→ **Problem details**
Look through the data below, and copy each line that carries the word "مجاني".

Stored items from a collection:
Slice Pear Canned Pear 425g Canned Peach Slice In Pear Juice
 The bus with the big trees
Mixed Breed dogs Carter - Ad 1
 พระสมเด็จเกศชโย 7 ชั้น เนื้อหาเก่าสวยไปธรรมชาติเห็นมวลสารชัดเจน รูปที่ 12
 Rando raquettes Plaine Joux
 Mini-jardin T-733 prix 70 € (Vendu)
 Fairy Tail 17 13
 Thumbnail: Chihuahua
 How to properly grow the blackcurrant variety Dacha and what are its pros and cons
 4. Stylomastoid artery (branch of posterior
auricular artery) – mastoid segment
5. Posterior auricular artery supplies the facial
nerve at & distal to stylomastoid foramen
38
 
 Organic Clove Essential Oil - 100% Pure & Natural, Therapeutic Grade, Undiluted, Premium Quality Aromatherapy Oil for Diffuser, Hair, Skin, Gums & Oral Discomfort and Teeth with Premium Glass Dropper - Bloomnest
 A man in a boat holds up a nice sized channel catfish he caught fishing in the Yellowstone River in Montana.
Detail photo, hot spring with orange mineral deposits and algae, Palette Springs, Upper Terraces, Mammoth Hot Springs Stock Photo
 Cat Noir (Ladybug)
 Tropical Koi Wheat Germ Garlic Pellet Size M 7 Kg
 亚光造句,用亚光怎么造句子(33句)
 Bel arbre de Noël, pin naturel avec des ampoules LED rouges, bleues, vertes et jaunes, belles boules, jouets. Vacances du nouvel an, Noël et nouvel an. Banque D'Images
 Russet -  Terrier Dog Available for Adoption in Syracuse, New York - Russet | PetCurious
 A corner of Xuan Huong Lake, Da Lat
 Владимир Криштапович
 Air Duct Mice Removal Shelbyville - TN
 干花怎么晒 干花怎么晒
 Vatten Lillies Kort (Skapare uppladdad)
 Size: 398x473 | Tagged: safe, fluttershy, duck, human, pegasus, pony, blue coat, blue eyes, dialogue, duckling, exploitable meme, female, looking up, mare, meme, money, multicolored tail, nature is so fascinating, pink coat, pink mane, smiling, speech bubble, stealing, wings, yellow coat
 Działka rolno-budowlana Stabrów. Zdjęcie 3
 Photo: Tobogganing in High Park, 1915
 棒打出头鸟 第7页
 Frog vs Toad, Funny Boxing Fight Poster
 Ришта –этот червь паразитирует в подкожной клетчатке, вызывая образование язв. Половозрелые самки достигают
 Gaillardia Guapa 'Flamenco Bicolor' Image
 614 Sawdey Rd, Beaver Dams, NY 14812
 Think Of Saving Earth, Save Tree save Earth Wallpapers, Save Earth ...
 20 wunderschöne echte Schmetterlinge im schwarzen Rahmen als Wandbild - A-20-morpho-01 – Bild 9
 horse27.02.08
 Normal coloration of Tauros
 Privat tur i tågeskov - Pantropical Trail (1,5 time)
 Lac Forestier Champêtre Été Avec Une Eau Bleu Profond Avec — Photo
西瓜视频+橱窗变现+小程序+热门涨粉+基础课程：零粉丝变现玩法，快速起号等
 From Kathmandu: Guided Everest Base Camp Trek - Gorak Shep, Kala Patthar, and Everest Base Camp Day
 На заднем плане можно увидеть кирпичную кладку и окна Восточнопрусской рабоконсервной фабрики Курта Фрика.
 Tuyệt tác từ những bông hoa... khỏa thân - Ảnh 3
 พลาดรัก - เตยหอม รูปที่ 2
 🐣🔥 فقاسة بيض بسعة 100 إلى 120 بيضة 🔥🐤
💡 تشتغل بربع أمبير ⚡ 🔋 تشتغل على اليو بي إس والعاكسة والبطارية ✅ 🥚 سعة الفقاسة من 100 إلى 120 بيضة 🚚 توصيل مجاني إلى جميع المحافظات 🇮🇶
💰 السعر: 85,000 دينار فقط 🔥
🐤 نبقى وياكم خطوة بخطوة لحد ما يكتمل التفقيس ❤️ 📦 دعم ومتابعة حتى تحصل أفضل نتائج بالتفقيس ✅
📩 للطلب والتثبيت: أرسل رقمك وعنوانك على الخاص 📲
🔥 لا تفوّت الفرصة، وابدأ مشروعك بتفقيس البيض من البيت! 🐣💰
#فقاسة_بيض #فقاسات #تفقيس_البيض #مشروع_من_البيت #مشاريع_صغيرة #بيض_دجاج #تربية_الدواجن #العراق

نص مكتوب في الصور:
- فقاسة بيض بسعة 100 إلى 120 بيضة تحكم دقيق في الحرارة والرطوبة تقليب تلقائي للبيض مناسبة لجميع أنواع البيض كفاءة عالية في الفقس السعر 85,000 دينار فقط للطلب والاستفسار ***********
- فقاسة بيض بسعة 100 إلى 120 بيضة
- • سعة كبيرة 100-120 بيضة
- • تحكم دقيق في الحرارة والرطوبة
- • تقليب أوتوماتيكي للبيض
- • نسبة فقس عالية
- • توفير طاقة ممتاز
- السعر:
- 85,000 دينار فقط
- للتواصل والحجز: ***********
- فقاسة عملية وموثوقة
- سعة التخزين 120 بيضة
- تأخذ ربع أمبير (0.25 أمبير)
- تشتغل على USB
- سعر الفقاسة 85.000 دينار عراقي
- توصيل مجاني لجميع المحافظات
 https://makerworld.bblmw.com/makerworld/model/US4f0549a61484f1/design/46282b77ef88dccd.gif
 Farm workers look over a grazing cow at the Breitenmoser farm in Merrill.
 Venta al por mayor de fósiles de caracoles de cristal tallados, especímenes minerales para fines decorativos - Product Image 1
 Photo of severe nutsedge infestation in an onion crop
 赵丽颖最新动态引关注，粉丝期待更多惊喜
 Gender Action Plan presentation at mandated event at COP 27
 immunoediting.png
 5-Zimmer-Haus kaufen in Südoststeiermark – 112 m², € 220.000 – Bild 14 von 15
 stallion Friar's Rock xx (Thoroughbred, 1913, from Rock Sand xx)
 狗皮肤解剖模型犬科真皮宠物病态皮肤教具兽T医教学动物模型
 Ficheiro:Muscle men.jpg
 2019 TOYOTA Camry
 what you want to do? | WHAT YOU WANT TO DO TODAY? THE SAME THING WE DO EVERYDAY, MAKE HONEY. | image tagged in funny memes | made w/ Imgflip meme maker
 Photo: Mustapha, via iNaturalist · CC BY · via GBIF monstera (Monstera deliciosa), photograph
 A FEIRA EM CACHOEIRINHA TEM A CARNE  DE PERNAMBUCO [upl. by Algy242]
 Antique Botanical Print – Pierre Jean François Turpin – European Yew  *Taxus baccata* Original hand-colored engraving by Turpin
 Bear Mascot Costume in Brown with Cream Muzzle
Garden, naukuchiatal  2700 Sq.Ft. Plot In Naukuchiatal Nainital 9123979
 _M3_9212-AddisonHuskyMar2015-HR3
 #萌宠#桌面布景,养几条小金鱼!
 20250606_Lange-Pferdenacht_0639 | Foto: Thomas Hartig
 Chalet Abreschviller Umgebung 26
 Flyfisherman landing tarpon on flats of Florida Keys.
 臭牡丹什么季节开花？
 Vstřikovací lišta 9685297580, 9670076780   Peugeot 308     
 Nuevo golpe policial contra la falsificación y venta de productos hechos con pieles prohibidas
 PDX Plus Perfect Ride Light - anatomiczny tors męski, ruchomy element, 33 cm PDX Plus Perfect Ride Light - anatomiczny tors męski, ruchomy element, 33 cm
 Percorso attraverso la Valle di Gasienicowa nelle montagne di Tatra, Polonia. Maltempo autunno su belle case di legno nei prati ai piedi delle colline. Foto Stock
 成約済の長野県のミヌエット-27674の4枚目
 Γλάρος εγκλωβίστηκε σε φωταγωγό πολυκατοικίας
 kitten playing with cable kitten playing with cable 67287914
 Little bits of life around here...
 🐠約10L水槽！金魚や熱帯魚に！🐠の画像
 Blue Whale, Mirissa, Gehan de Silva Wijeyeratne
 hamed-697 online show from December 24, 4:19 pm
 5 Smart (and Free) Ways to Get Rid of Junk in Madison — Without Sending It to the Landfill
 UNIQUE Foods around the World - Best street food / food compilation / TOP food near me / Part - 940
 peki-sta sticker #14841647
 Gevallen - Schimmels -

→ **Solution for this exercise**
💡 تشتغل بربع أمبير ⚡ 🔋 تشتغل على اليو بي إس والعاكسة والبطارية ✅ 🥚 سعة الفقاسة من 100 إلى 120 بيضة 🚚 توصيل مجاني إلى جميع المحافظات 🇮🇶
- توصيل مجاني لجميع المحافظات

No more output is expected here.